Porém Ang Lee sempre cativou não exatamente por sua habilidade em contar histórias, mas sim por apresentar personagens complexos, repletos de dúvidas, anseios, vontades e paixões que, gostemos deles ou não, nos fazem querer saber o que ocorre a seguir. Sempre mostrando os dois lados da moeda, o cineasta se certifica de fazer com que cada personagem tenha de se equilibrar entre o bem e o mal com a mesma maestria que se equilibram nos já falados galhos verdes. Li Mu Bai tenta não se consumir pela vingança ao passo que luta contra os próprios sentimentos por Yu Shu Lien, enquanto esta tem de enfrentar uma jovem que a considerava uma irmã. A vilã Jade Fox, interpretada por Cheng Pei-pei, não possui misericórdia em suas ações, mas as dores de seu passado justificam sua amargura. Porém é Jen Yu quem tem o arco mais conflitante da narrativa, indo de uma menina prometida em casamento, à uma rebelde apaixonada, à uma mulher arrependida da dor que causou, a jovem passa por uma transformação que jamais deve deixar de ser vista como a turbulenta transição para a maturidade, por mais que suas ações causem acontecimentos trágicos e que deixarão marcas permanentes.
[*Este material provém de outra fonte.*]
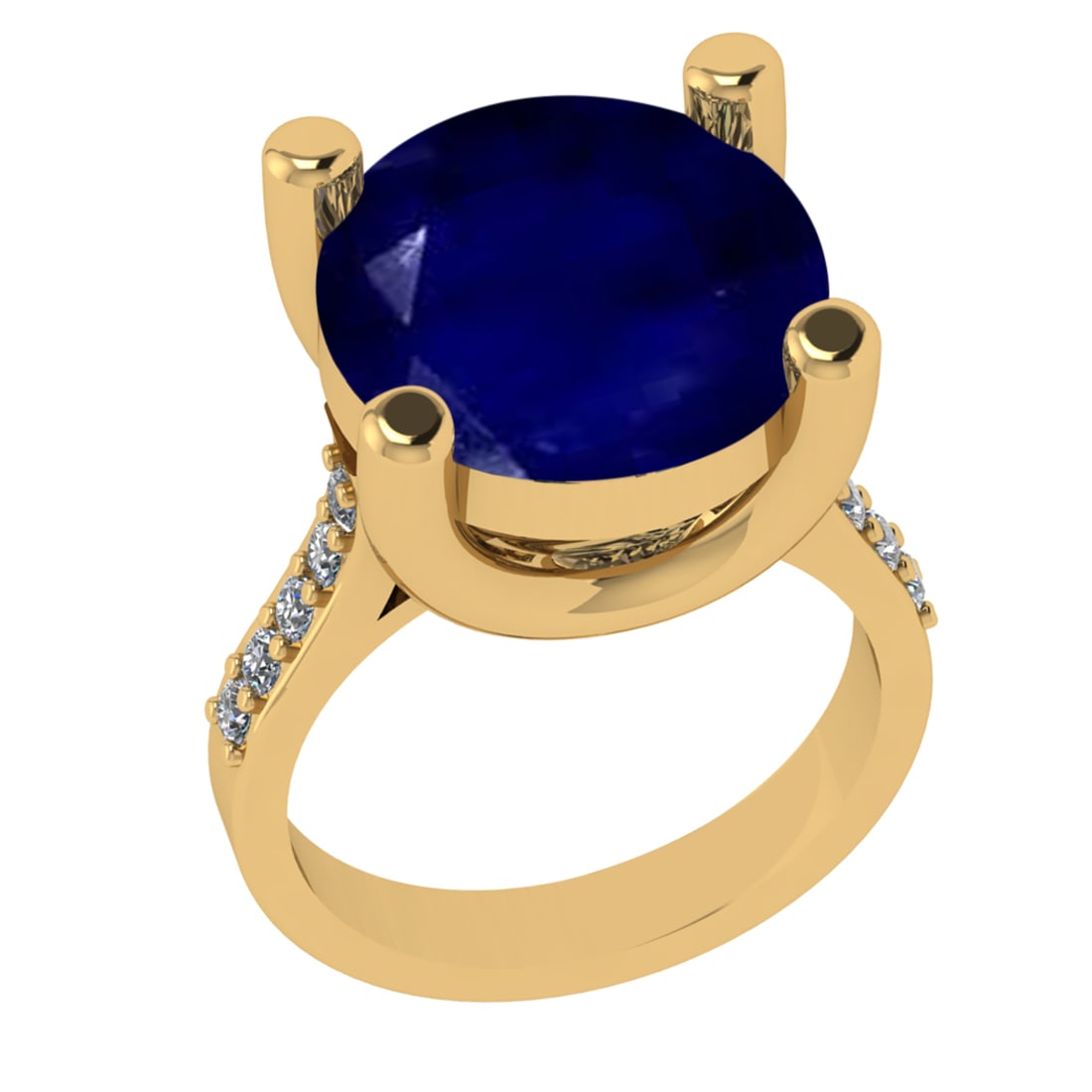 3.25 Ctw VS/SI1 Blue Sapphire And Diamond 14k Yellow Gold Engagement Ring (: Center Stone Weight : 2.90 Ctw ( Round Cut ) Center Stone Color : Blue Sapphire Stone Setting : Prong Side Diamond Weight Of Ctw 0.35 Ctw Side Stone Color : G-H Stone Clarity : VS/SI1 Stone Setting :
Isso a torna uma figura fascinante de se acompanhar e subitamente trágica.
Precursor também em centralizar seu núcleo narrativo em torno de personagens femininas, talvez o que mais atraia o público para “O Tigre e o Dragão” sejam as cenas de luta (a maioria envolvendo estas personagens), e me sinto tranquilo em dizer que foram poucas as vezes que assisti a combates tão impressionantes na história do cinema. De acordo com Ang Lee pouquíssimos dublês foram utilizados, o que requer não apenas uma dedicação hercúlea dos atores em aprender as coreografias e imprimir a fiscalidade de seus personagens, mas um timing certo para os cortes que não tire o realismo dos golpes ao passo que confere ainda mais movimento à eles. Além disso, a forma como as lutas exploram a misé en scène é algo sem igual, flutuando entre planos abertos, fechados e detalhe com naturalidade e jamais suspendendo a ideia de que aqueles combates trazem implicações reais. Sinto por não ter assistido a este filme quando criança, pois o resultado não é nada menos do que mágico.